La publication par la Documentation Française du rapport commandé par Madame Duflot sur les attributions des logements sociaux, me donne l’occasion d’évoquer cette question aux enjeux fondamentaux dans l’Habitat Participatif social.
« Je souhaite que la réflexion soit toujours ramenée à l’enjeu pour les personnes. Sans les considérer comme des dossiers. Et en partant aussi du principe que le sujet dont nous parlons, c’est le lieu où elles vont vivre, leur logement. Le processus doit leur laisser une place, les personnes doivent en faire partie, la décision doit leur appartenir ». Cécile Duflot, 16 janvier 2013
Car c’est bien là la question fondamentale des attributions de logements sociaux : les personnes qui en font la demande sont infiniment plus que des numéros de dossiers auxquels il faut in fine faire correspondre un logement. Ce sont des gens qui vont vivre là où un logement leur sera attribué, un traitement « quantitatif » du dossier n’est pas possible or c’est encore et trop souvent le cas.
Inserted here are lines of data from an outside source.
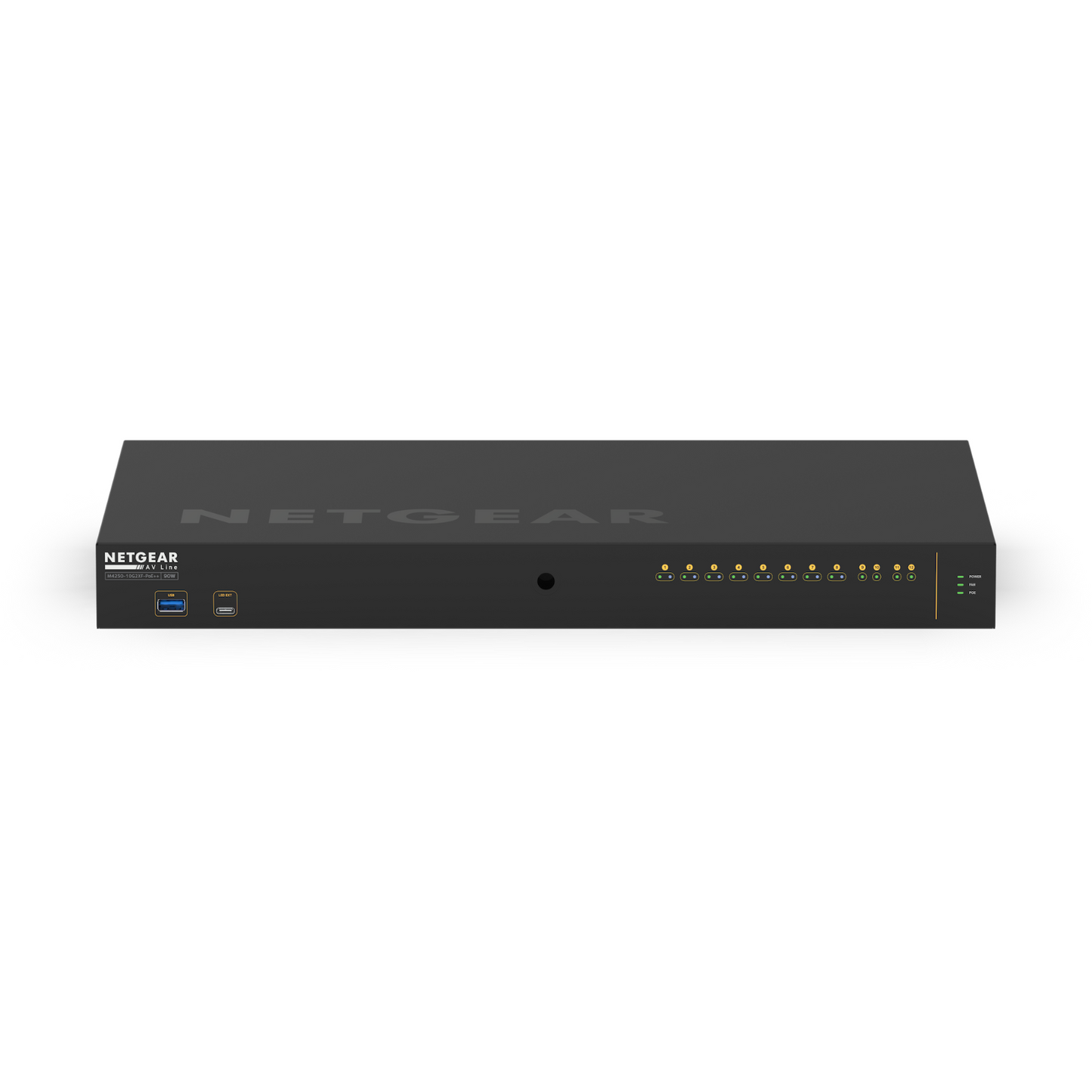 Switch de red 12 Puertos 8 + 2 + 2 AVB NETGEAR S-LINE 8+2+2 PORT AVB SWITCH WITH POE 720W SS42PP-8XP2X2F (unidad)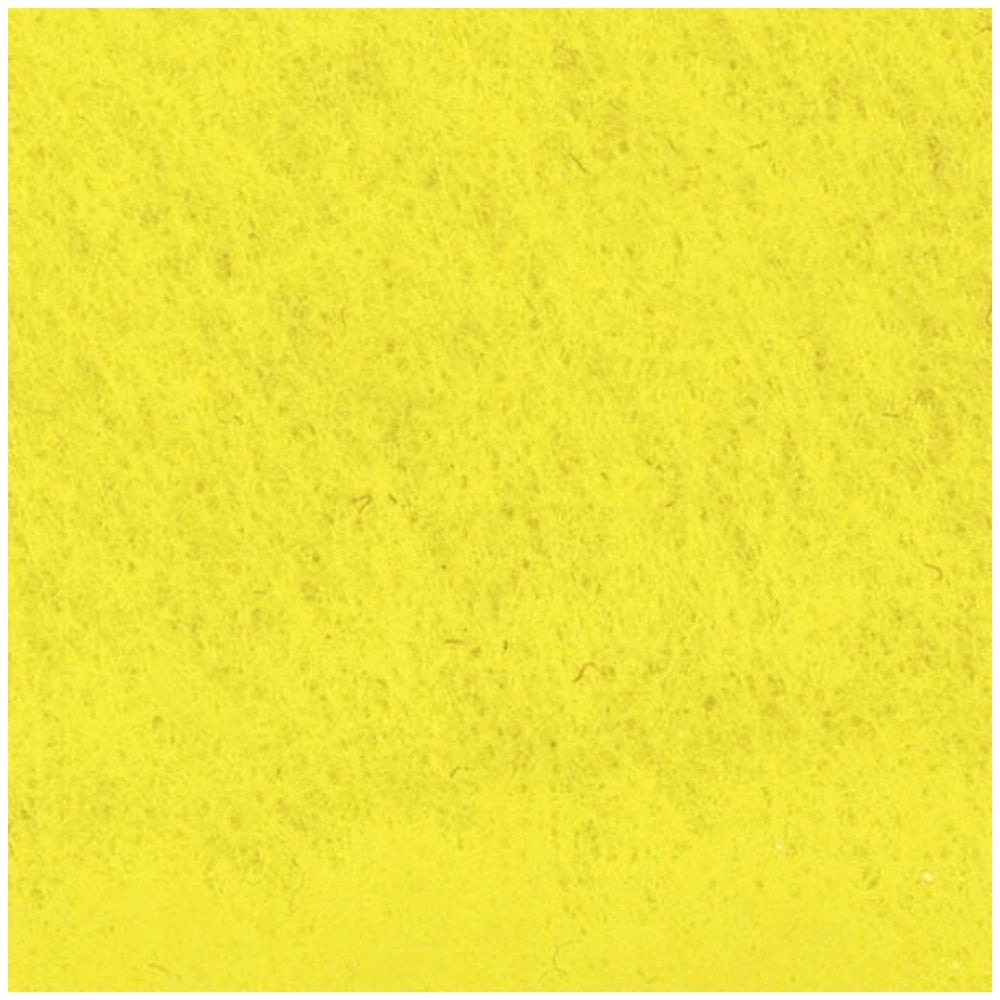 Folia Basic Bastelfilz craft felt in solid yellow, 20x30 cm, smooth matte texture, ideal for arts and crafts projects.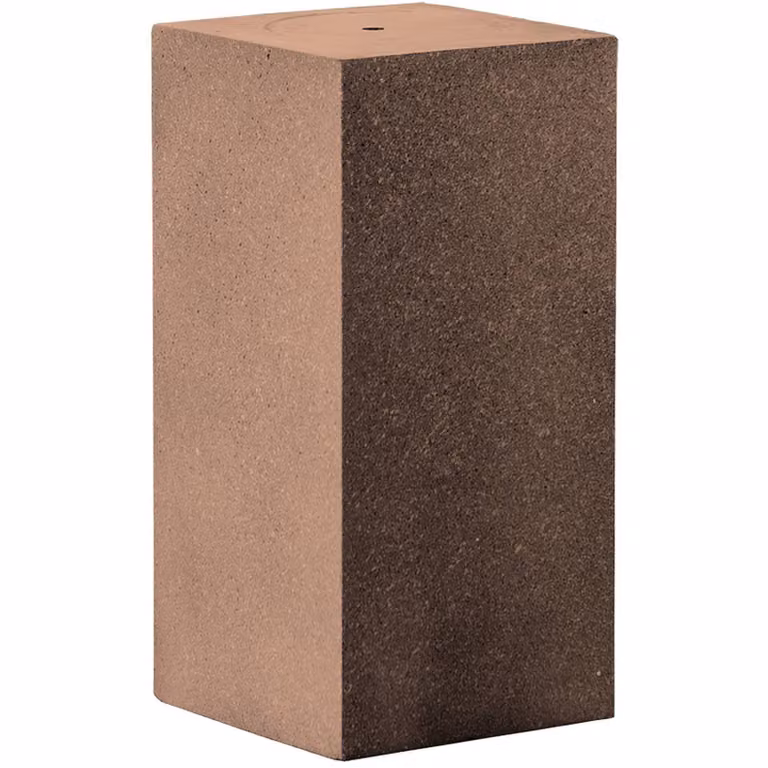 Pedestal para fuente de terraza Heissner en color marrón, An/P/Al: 39 x 39 x 68 cm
Singulièrement avec l’arrivée de la loi sur le logement que préparent les services de Madame Duflot, l’Habitat Participatif social devrait selon toute logique se développer. L’équilibre des projets d’Habitat Participatif si difficile à construire et à maintenir peut être remis en cause par une attribution de logement irréfléchie mais néanmoins conforme à la règle. On n’imagine pas pas les dégâts humains que cela peut causer.
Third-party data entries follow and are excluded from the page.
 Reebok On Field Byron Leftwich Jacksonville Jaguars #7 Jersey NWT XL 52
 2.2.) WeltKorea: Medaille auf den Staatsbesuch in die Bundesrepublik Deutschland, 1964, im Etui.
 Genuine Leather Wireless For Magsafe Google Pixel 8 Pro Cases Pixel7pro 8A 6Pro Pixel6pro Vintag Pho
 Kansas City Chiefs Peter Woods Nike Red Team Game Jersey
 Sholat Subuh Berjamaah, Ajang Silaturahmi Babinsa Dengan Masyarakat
À Habitat Différent, nous, nous pouvons compter sur notre bailleur social, le Toit Angevin qui depuis trente ans qu’il s’est engagé à nos côtés dans ce projet ambitieux, a toujours été à l’écoute de ces questionnements. Mais il faut également faire avec l’amnésie des institutions, et particulièrement des commissions d’attribution de logements sociaux. Le renouvellement fréquents des membres et donc leur « inculture » relative en matière de projets d’Habitat Participatif que certains dénoncent même de façon très dogmatiques en les considérant comme des « ghettos à bobos« , ce renouvellement donc crée régulièrement la nécessité de réexpliquer le bien fondé du projet, la nécessité de réaffirmer haut et fort qu’il n’y a pas de passe-droits particuliers à choisir préférablement et à critères sociaux équivalents quelqu’un qui choisit l’Habitat Participatif de façon volontariste plutôt que quelqu’un qui le découvrirait en emménageant.
Il y a quelques jours je recevais un représentant de l’USH, Union Sociale de l’Habitat qui venait pour essayer de comprendre comment Habitat Différent avait pu tenir depuis 30 ans. Quels compromis les habitants faisaient au quotidien pour maintenir l’équilibre de ce « vivre ensemble chacun chez soi« , quels efforts avait consentis le Toit Angevin pour que vive ce projet qui aujourd’hui est exemplaire à bien des égards. Il est reparti après avoir posé beaucoup de questions, s’être étonné de nombreuses fois et avoir, je crois, découvert que l’Habitat Participatif offrait des possibilités qu’il ne soupçonnait pas nécessairement pourvu que les institutions fassent confiance aux habitants ! Car la clé de la réussite est là : c’est la substitution de la confiance mutuelle comme postulat de départ à la défiance de principe qui est généralement la règle dans les relations institutions-personnes mais également personnes entre-elles.
Il faut noter également, l’intelligence des porteurs de projets d’Habitat Participatif social qui dès le départ conçoivent leurs projets de telle sorte qu’ils soient réversibles et puissent redevenir un habitat classique car il n’y a rien de pire qu’un merveilleux projet sur le papier qui échoue et devient un enfer pour ses habitants qui, dans le cas de l’habitat social, n’ont souvent pas la possibilité de partir ailleurs. Certains projets des années 70′ qui devaient être des havres de paix et de convivialité sont aujourd’hui des ghettos sordides où des populations captives survivent tant bien que mal et plutôt mal d’ailleurs et où l’on s’étonne qu’ils produisent (ces quartiers) du chômage, des dépressions, de l’incivilité et de la délinquance. On remarquera au passage que celles et ceux qui les ont conçus n’y ont jamais vécu et n’y vivront jamais…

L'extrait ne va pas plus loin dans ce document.